Section 3 details the derivation and approximation of the islanded AIM’s transfer function and presents experimental results comparing the controller performance with and without tuning. Finally,
Section 4 concludes this study with summarizing remarks and future research directions.
4. Conclusions
This study extensively examined frequency regulation of islanded AIM systems by employing an IAE-assisted control methodology. A PID controller is designed and implemented based on a linearized transfer function model of the islanded AIM, which is then effectively approximated using the FOPDT approach. A major achievement of this work is the precise application of the reaction curve technique to accurately extracting the FOPDT model from the linearized AIM system dynamics. In this research, two distinct PID controllers were developed, one designed for SPT mode and the other for LDR mode. Comprehensive results demonstrated that the SPT mode controller notably outperformed the LDR mode by providing an enhanced transient response and significantly reduced error values, indicating superior control accuracy and stability. The effectiveness and reliability of the proposed control scheme are well supported by extensive tabulated data detailing the tuned controller parameters and corresponding time-domain performance indices, reinforcing the practical applicability of the approach. The SPT mode consistently exhibits significantly lower error values across all indices: for example, IAE and ISE values of 0.04594 and 0.002075 compared to 0.4153 and 0.02424 in LDR mode, respectively, highlighting a marked reduction in the cumulative error. Similarly, the ITAE, ITSE, IT2AE, and IT2SE values for SPT mode remain substantially lower than those in LDR mode, demonstrating a more accurate and stable control performance with reduced deviations and a better transient response under the SPT scheme.
For future work, it is recommended to incorporate modern learning-based optimization algorithms for PID tuning, which could enhance controller performance and adaptability further.

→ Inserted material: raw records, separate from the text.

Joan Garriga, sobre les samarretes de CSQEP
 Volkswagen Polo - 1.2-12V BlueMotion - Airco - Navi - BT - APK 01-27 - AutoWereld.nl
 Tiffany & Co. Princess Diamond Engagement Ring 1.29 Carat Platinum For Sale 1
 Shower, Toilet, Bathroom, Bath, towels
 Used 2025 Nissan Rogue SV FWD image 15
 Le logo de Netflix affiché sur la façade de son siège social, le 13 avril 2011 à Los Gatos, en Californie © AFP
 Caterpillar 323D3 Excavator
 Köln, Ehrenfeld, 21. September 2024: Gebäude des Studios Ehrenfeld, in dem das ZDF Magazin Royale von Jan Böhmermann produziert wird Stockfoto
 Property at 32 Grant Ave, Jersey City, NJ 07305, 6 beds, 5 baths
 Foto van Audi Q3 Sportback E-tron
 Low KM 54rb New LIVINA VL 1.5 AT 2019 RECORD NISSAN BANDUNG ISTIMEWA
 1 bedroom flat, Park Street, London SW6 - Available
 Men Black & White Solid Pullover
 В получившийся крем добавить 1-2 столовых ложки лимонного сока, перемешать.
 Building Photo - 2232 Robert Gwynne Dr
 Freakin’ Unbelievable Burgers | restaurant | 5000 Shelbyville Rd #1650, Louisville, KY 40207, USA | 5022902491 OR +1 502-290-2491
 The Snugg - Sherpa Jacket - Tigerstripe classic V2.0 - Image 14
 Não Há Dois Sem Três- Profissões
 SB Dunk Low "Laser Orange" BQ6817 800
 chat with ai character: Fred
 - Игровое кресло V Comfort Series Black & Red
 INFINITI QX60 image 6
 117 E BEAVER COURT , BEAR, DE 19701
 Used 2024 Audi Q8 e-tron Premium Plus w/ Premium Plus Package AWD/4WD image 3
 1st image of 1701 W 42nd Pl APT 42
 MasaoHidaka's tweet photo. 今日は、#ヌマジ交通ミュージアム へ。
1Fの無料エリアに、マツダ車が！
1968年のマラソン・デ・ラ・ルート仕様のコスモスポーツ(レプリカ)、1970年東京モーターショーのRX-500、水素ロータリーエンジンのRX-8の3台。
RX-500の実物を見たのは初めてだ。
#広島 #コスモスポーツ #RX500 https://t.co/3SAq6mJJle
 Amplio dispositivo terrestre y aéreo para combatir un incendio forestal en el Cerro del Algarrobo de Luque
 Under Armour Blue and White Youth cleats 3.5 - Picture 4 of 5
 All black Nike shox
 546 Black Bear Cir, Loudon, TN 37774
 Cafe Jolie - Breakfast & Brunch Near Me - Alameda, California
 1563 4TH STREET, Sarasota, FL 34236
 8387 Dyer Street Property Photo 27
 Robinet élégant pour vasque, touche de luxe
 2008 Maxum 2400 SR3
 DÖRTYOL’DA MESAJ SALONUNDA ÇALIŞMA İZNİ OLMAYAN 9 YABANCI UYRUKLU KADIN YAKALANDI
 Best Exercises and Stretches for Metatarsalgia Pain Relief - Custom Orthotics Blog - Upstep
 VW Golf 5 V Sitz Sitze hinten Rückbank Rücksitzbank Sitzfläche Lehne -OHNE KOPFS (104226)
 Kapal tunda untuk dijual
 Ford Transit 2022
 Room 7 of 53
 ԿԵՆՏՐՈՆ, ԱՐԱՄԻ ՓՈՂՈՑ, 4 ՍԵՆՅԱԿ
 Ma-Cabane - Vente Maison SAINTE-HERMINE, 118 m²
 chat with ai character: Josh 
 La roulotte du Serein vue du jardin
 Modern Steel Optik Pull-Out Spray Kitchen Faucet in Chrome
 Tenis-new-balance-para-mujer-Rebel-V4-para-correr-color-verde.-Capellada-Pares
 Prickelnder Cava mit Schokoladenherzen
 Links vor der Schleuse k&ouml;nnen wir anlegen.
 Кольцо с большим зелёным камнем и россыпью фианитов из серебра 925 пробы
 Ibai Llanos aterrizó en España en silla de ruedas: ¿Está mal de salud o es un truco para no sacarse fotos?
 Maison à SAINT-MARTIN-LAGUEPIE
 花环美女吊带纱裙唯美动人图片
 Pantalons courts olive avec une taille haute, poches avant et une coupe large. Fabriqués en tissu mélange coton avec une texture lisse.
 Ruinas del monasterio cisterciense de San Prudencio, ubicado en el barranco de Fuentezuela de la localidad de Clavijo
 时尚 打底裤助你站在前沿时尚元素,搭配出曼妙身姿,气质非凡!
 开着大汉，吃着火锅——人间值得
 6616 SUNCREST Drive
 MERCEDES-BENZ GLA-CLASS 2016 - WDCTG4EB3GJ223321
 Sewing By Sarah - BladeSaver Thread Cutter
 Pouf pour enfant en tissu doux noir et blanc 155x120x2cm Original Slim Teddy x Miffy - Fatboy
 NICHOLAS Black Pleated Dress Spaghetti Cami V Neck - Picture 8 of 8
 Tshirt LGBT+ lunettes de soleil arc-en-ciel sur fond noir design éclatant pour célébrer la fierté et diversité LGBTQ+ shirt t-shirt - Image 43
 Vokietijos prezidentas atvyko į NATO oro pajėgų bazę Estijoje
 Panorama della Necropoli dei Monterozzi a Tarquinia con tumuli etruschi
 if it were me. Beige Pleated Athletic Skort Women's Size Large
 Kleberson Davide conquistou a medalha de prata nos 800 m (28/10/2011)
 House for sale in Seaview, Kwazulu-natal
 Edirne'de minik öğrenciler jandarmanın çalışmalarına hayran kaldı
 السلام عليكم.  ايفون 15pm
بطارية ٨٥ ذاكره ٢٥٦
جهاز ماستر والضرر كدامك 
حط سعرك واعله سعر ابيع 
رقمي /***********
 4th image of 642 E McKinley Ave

Additionally, investigating the potential of fractional-order PID controllers presents an opportunity to improve frequency control with finer-tuning capabilities. Lastly, addressing cyber-physical security concerns for AIM systems by developing robust security frameworks will be crucial to safeguarding the reliability and resilience of these systems against potential cyber threats and ensuring stable microgrid operation under real-world conditions.